Discrimination against an unknown disability?
In a recent no-nonsense court opinion, an HIV-positive employee lost his Americans with Disabilities Act (ADA) case because he failed to provide any evidence to establish that his employer knew about his HIV status. Let’s take a closer look at the case.
New employee needs accommodation
Terry Hill was hired on June 12, 2006, to work as a total loss specialist for Farmers Insurance Exchange in Oklahoma City. He didn’t miss any days of work during his first four months of employment. Between September and December, however, he was absent 11 days. When he was again absent from work on January 8, 2007, he told Farmers Insurance’s HR adviser that he was suffering from pneumonia. He didn’t inform the HR rep that he is HIV- positive, and he never requested an accommodation for his HIV-positive status. He then filed a claim for short-term disability.
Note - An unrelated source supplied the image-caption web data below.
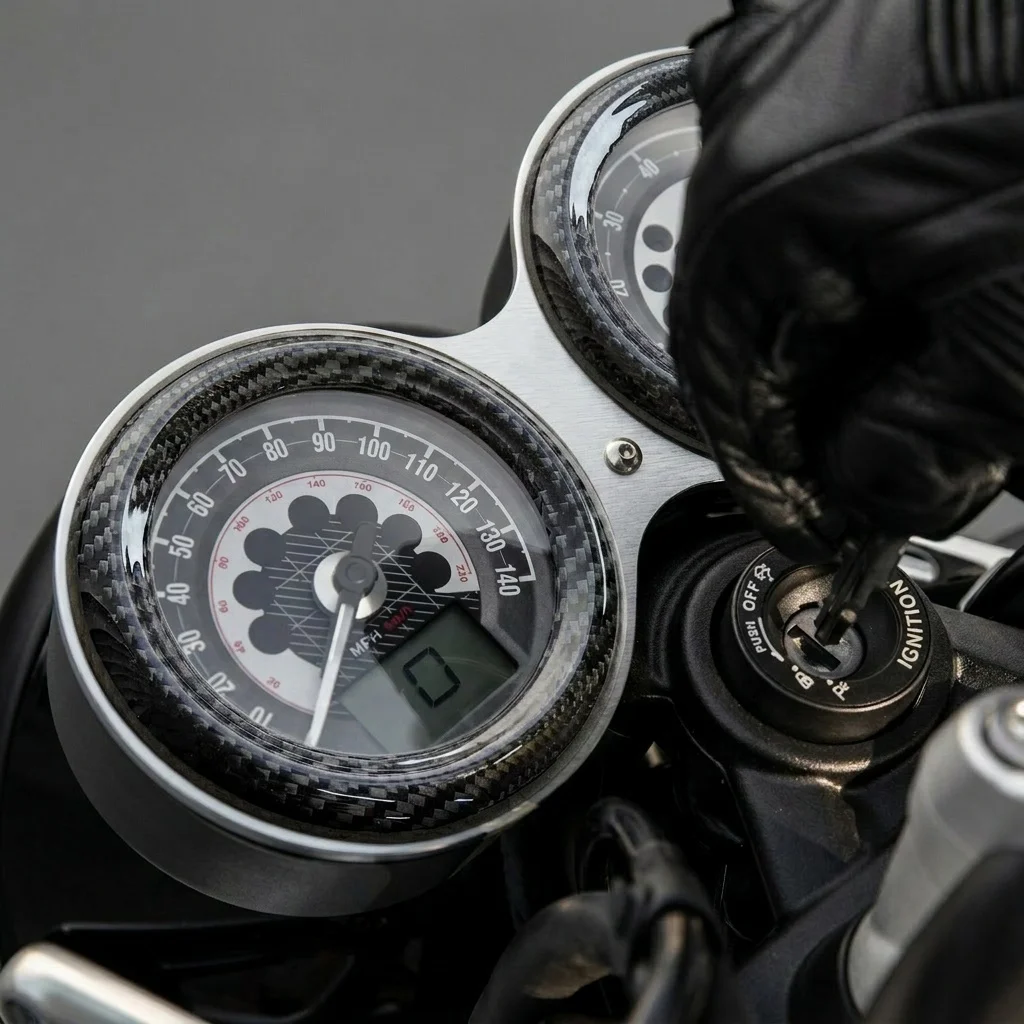 Carbon Fiber Motorcycle Instrument Trim Speedometer Cover for Triumph Speed Twin 1200 2019-2024
Carbon Fiber Motorcycle Instrument Trim Speedometer Cover for Triumph Speed Twin 1200 2019-2024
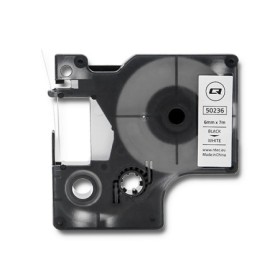 Qoltec Tape for DYMO D1 43613 | 6mm x 7m | White / Black overprint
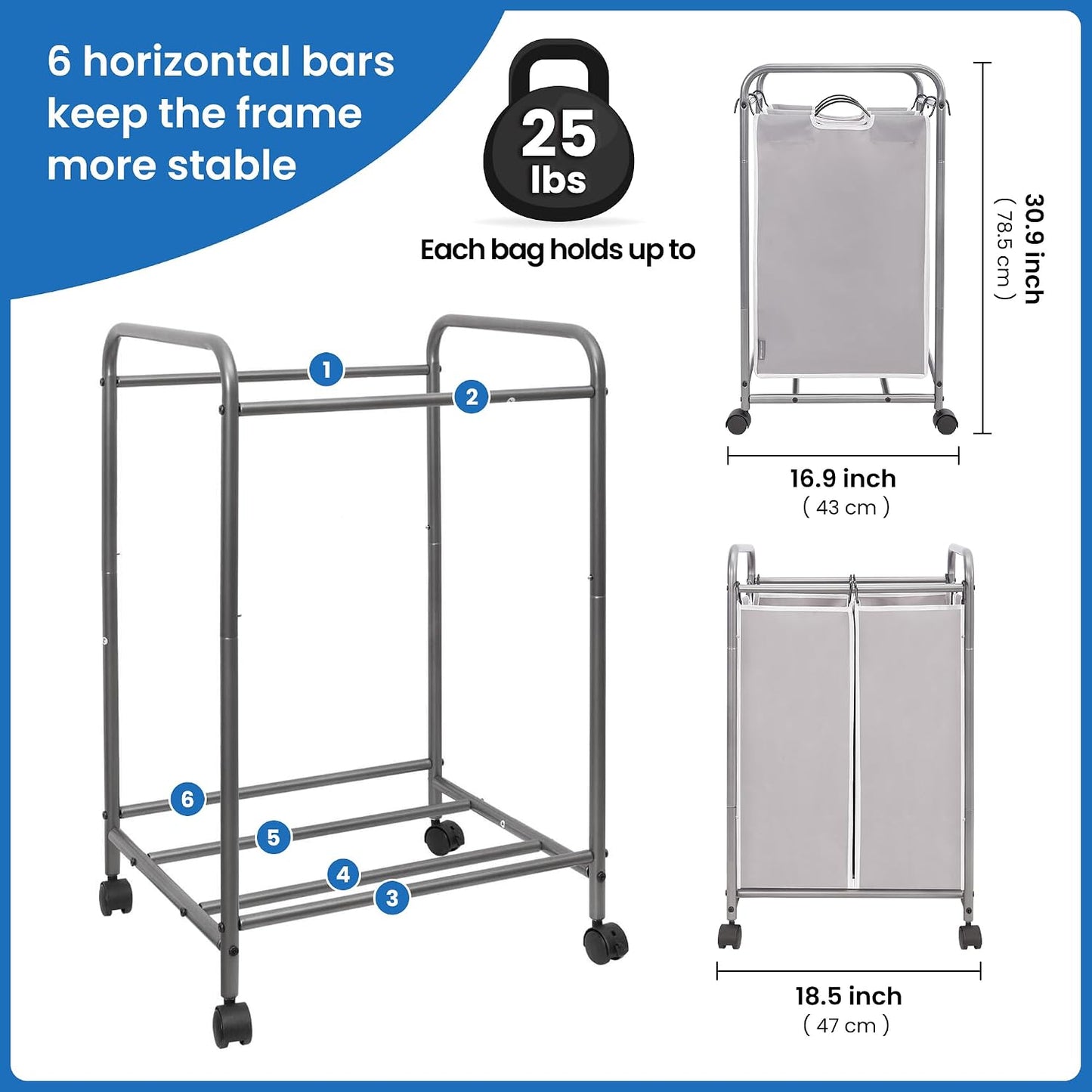 STORAGE MANIAC 3 Section Laundry Sorter, 35.6 Gal (135 L) Laundry Hamper Cart with Heavy Duty Rolling Lockable Wheels and Removable Bags, Clothes Organizer Basket Separator Hamper, Gray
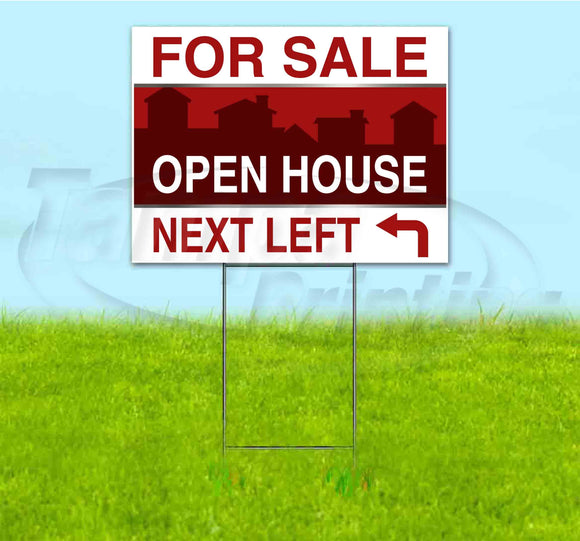 For Sale Open House Next Left Yard Sign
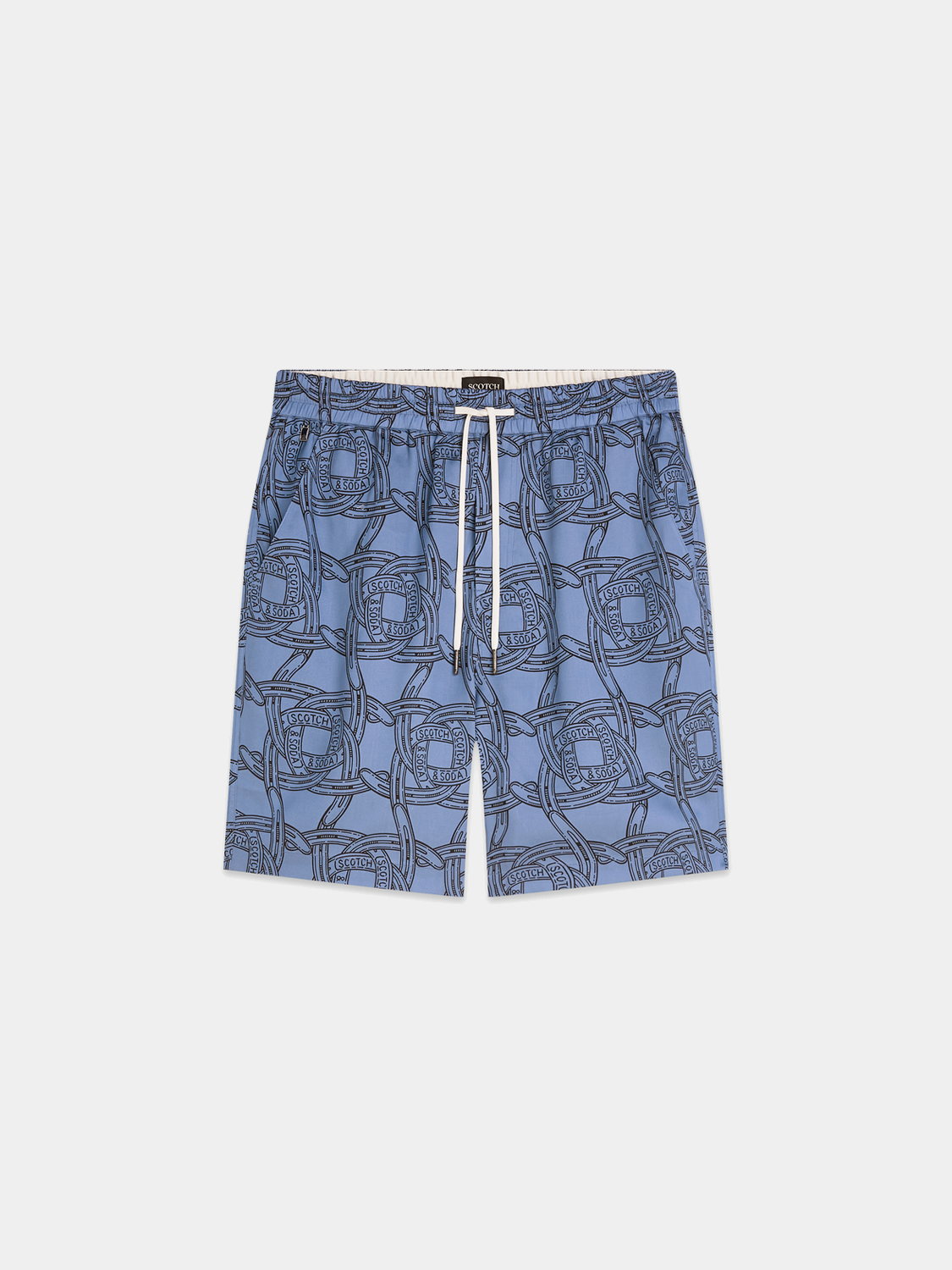 Scotch & Soda Fave printed shorts with colorful abstract pattern, casual summer style, lightweight fabric, and relaxed fit.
Hill’s physician released him to return to work on a part-time basis (no more than four hours per day) beginning February 26. After some discussion, Farmers Insurance determined that a part-time position wasn’t available and terminated his employment. None of the managers who made the decision to terminate him knew that Hill is HIV-positive.
Hill then filed a charge of discrimination with the Equal Employment Opportunity Commission (EEOC) alleging he was subjected to discrimination on the basis of his disability in violation of the ADA. In his ADA disability questionnaire, he listed AIDS and pneumocystis carinii pneumonia as his impairments.
But we didn’t know he’s disabled
You will recall that to maintain a case of disability discrimination under the ADA, an employee must demonstrate that he (1) is disabled as defined by the ADA, (2) is qualified with or without reasonable accommodation to perform the essential functions of the job he held or desired, and (3) suffered discrimination by an employer or a prospective employer because of that disability. This case took place before the ADA Amendments Act (ADAAA) was enacted in 2008. At that time, being HIV- positive or having AIDS was considered a disability; however, pneumonia wasn’t considered a disability.
Faced with Farmers Insurance’s statements that it lacked any knowledge of his HIV-positive status, Hill responded with an affidavit to the EEOC setting forth his opinion that the company was aware that he has HIV simply from his interaction with coworkers and supervisors. He claimed it was a “logical assumption” on his part. That was a failure of proof because his “logical assumption” is simply an opinion, and his opinion was insufficient to rebut the uncontested evidence that no one at Farmers Insurance knew about his HIV-positive status because he never told anyone. Because Farmers Insurance didn’t know about his HIV status, it couldn’t discriminate on the basis of his disability. That’s a pretty straightforward conclusion.
Additionally, Hill admitted that he never asked anyone at Farmers Insurance for an accommodation for his HIV-positive status. He did ask for an accommodation of his pneumonia; however, because pneumonia wasn’t considered a disability under the ADA at that point, the federal court in Oklahoma City dismissed all his claims against the employer. Had this case been decided under the ADAAA, the court’s decision on the claim that Farmers Insurance failed to accommodate Hill’s pneumonia might have been different. Hill v. Farmers Insurance Exchange, 25 A.D. Cases (BNA) 1806 (W.D. Okla., 2011).
Farmers Insurance was lucky in a couple of ways in this case. First, it appears that Hill was quite honest in admitting that he didn’t tell anyone at the company about his HIV status. Second, his attempt to show that Farmers Insurance should have known he is HIV-positive simply by how coworkers interacted with him fell short of the proof required to remain in court. Bottom line: The employer couldn’t have discriminated against him based on a disability of which it had no knowledge.